The committee’s report noted, concerning fracking, that Secretary of the Interior Ken Salazar has the view “that the issue of fracking is the Achilles heel for our natural gas industry,” and that Obama’s Energy Secretary Steven Chu said “We are going to have to get some sort of regulatory thing going on that…”

The totalitarian mindset that drives regulation in the Obama administration was perfectly illustrated back in 2010 when a top EPA official, Al Armendariz, explained exactly what he intended to do to oil and gas producers. It was taped and published on YouTube:

But as I said, oil and gas is an enforcement priority, it's one of seven, so we are going to spend a fair amount of time looking at oil and gas production.
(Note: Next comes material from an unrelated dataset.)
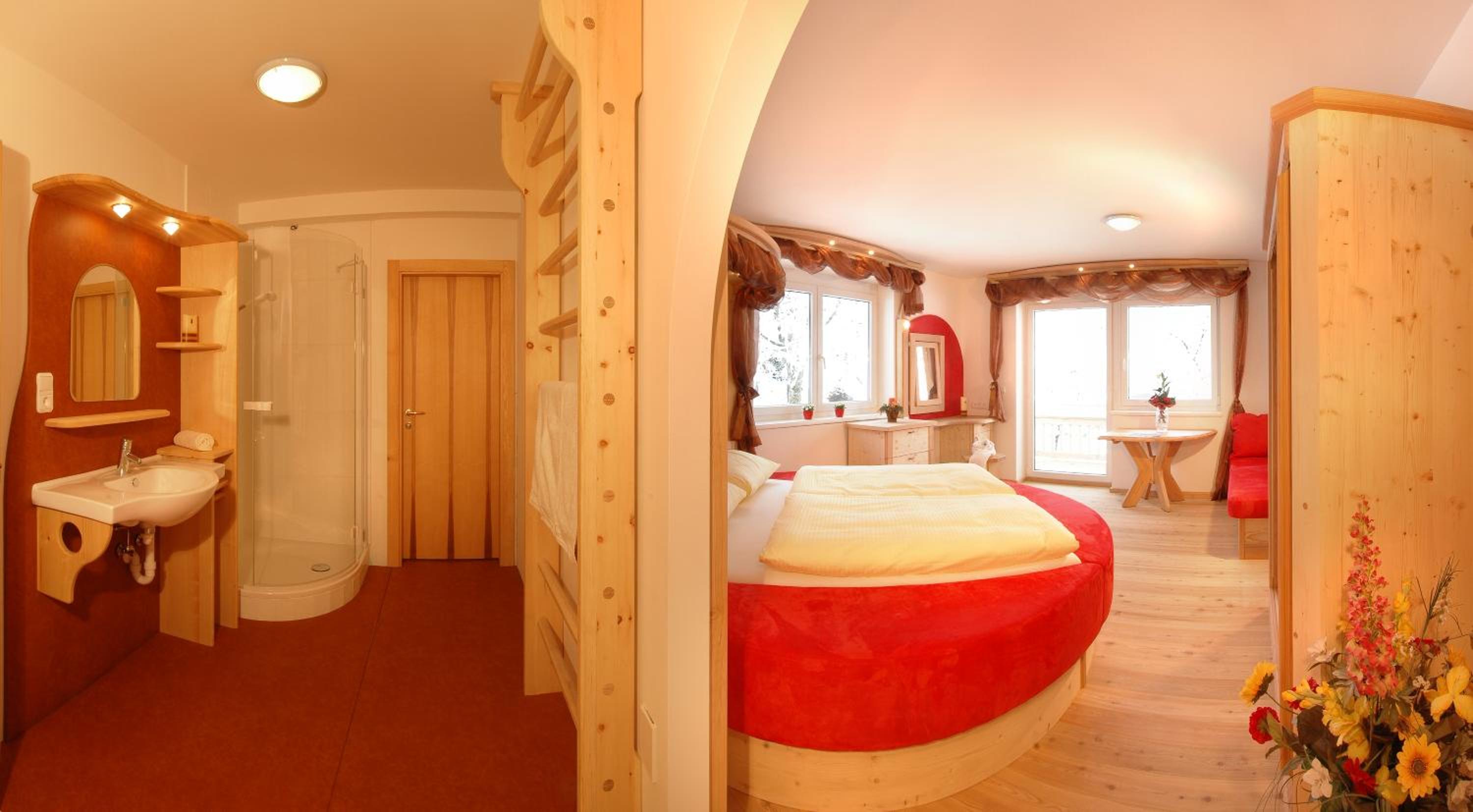 Double Room with Balcony - Photo 8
And I gave, I was in a meeting once and I gave an analogy to my staff about my philosophy of enforcement, and I think it was probably a little crude and maybe not appropriate for the meeting but I'll go ahead and tell you what I said:

It was kind of like how the Romans used to conquer little villages in the Mediterranean. They'd go into a little Turkish town somewhere, they'd find the first five guys they saw and they would crucify them. And then you know that town was really easy to manage for the next few years.

And so you make examples out of people who are in this case not compliant with the law. Find people who are not compliant with the law, and you hit them as hard as you can and you make examples out of them, and there is a deterrent effect there.
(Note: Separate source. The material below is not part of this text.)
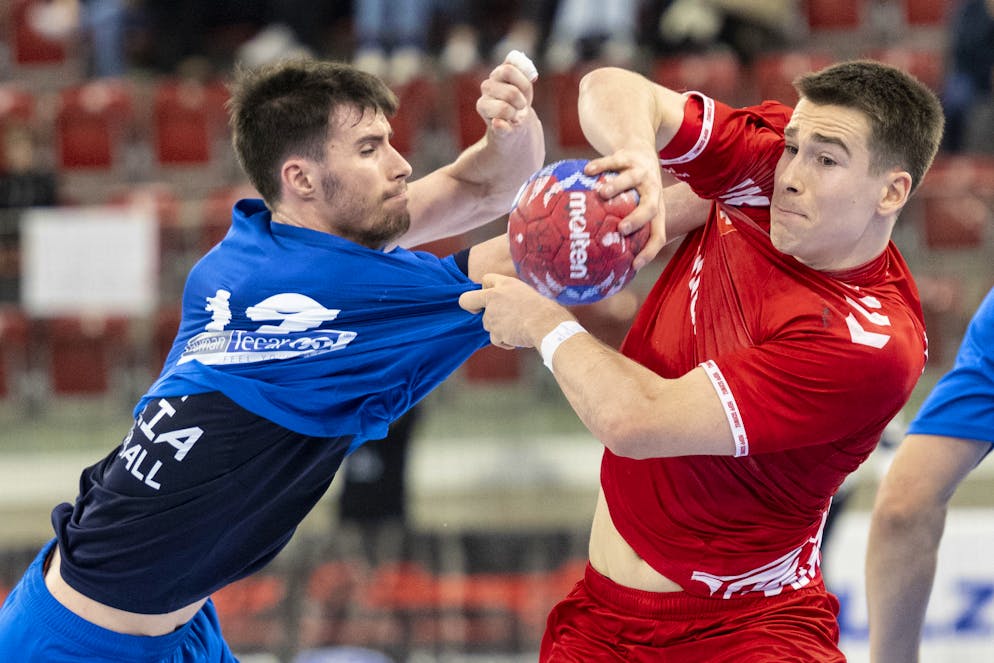 Manuel Zehnder (à droite) s’est blessé.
And, companies that are smart see that, they don't want to play that game, and they decide at that point that it's time to clean up. And, that won't happen unless you have somebody out there making examples of people.
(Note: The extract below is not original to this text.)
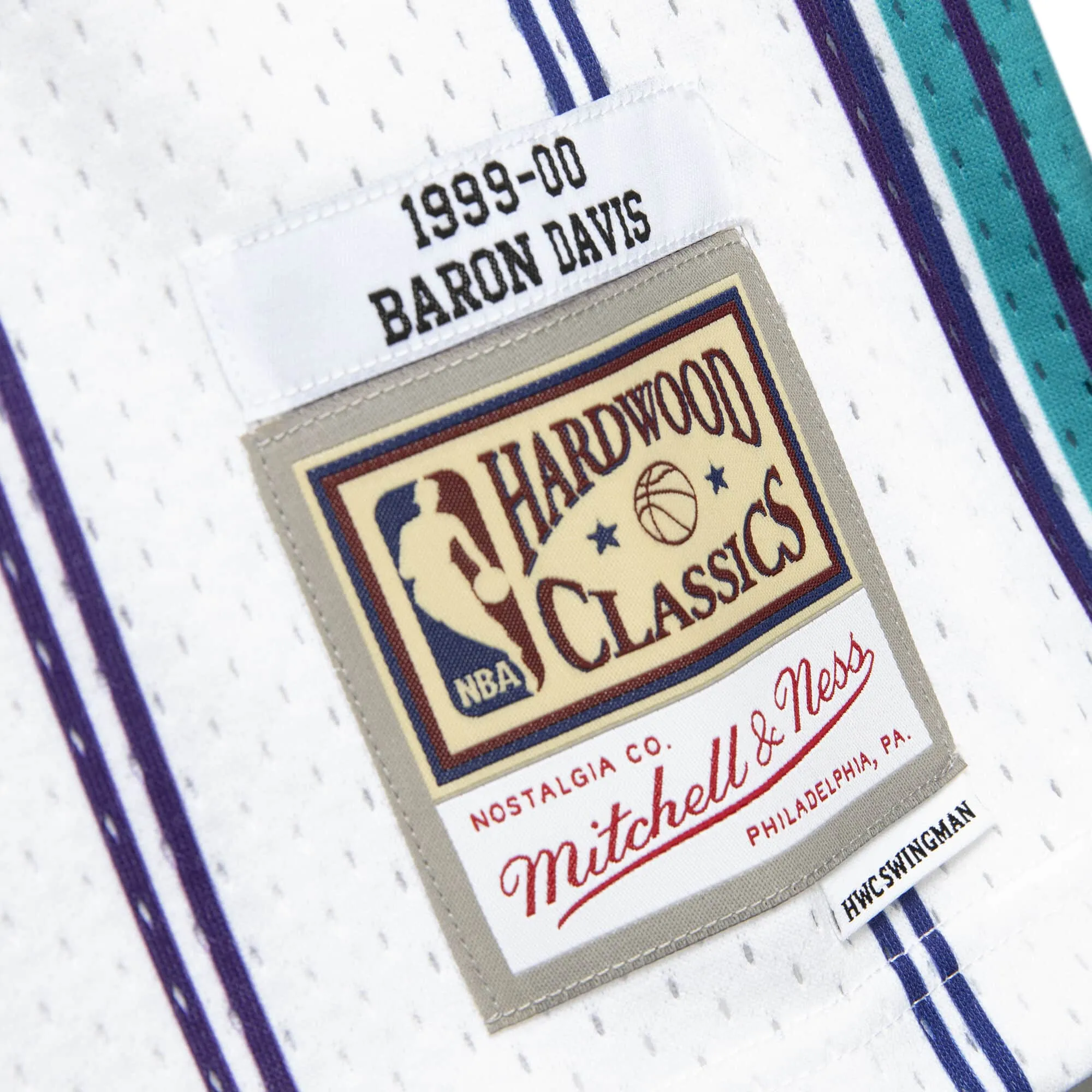 Mitchell & Ness NBA Swingman Jersey Charlotte Hornets 1999 Baron Davis Jerseys sold by Zulily product image thumbnail 4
So you go out, you look at an industry, you find people violating the law, you go aggressively after them. And we do have some pretty effective enforcement tools. Compliance can get very high, very, very quickly. That's what these companies respond to is both their public image but also financial pressure. So you put some financial pressure on a company, you get other people in that industry to clean up very quickly.

So, that's our general philosophy.

The outrage engendered by his remarks forced him to resign but the explanation and defense offered by EPA Administrator Lisa Jackson rang hollow: Armendariz’s remarks “are not representative of the agency, they don’t reflect any policy that we have, and they don’t reflect our actions over the past two years,” she said.

Except that another EPA bureaucrat reiterated the same mindset and ideology last June. Curt Spalding was caught on tape explaining what Jackson really meant:

Lisa Jackson has put forth a very powerful message to the country.

Just two days ago, the decision on greenhouse gas performance standard [was made] … saying basically gas plants are the performance standard which means if you want to build a coal plant you got a big problem.

That was a huge decision. You can’t imagine how tough that was. Because you got to remember if you go to West Virginia, Pennsylvania, and all those places, you have coal communities who depend on coal. And to say that we just think those communities should just go away, we can’t do that.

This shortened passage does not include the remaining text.